Motor carriers are placing larger orders too so they can lock down truck maker’s manufacturing capacity said Don Ake, vice president of commercial vehicles of FTR. “Fleets need more trucks to handle huge freight demand and continue to order trucks at record-setting rates.” The immediate effect of this rising demand for vehicles and new fleet capacity is its effect on pricing. As early as April, industry press were noting demand was increasing the price of used trucks—the outcome of a tightening supply of affordable new vehicles.
There is a driver shortage and everybody knows it. With demand for freight and transportation capacity likely to rise, there’s big spread to take care of and along with it all those new trucks to haul it, the question still remains who’s going to be driving home from the picnic?
Truck fleets operators and others are stepping up their efforts to attract, recruit and retain drivers and are taking a fresh look at all the things that may be keeping drivers away from the profession. For the past 45 years the Roemer Report has reported this extensively and while there may not be a “King” reason, low pay, long hours, harsh, dangerous working environments and driver exploitation tactics have all conspired to send new drivers fleeing the industry after one year. Last December Trucks.com reported turnover rates as high as 95% at some fleets.
It’s no picnic for truck drivers still, but fleet owners and operators, industry groups including truck manufacturers are starting to understand that to attract and keep drivers they have got to put out a better spread. In March the American Trucking Associations metrics show annual truck-driver salaries rose between 15% and 18% from 2013 to 2017, with growth varying based on the type of fleet and the nature of the routes.
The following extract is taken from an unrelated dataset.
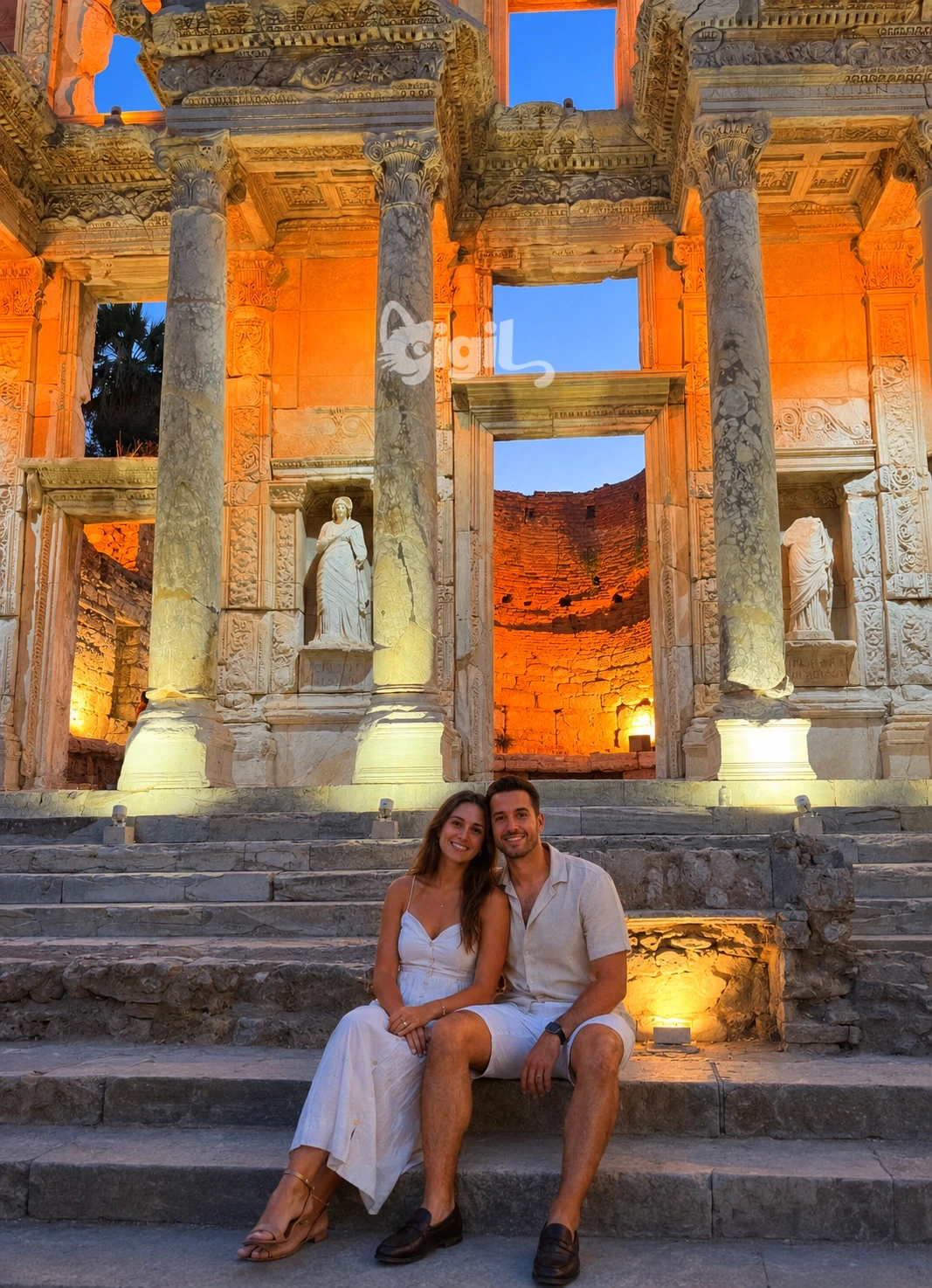 Celsus Library Historic Marble Facade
In the WSJ Logistics Report quoting ATA stats, Greg Eddy, president of Venture Logistics in Indianapolis, said his fleet is working to reduce driver turnover after more drivers started jumping ship in search of higher pay. He said his company employs about 80% of its drivers full-time, still faces about 75% turnover and drivers are commanding higher guaranteed weekly pay. Eddy said Venture offers “pretty juicy,” benefits, including life insurance, a retirement plan with employer matching, a driver concierge service and other incentives. Eddy explained the bottom line: “Everything that we can do to make that driver’s life and life on the road easier, we try to do it.”
Although tightening capacity and rising costs (including fuel, and equipment prices responding to demand) are all challenging, and will continue to fuel inflation in the sector and economy in general. Perhaps it’s the good kind, especially since the economy has been flat and flaccid for so long. What’s good inflation? Driver wages getting stronger by the minute; that’s what.
The heat of Trump’s rising summer economy is appearing to be doing great things for drivers and correcting a badly skewed balance that used to favor unscrupulous operators, shady shadow shippers, and fly-by-night freight brokers while leaving drivers and their families behind. A better economy means more independence and liberty for all Americans; which everyone knows is led by the trucking industry. Will all the spilled pop, skinned knees and sunburn wind up in the industry’s rear-view mirror after summer is gone? Perhaps, but for now it’s a RED, WHITE and BOOM summer for trucking. Light it up!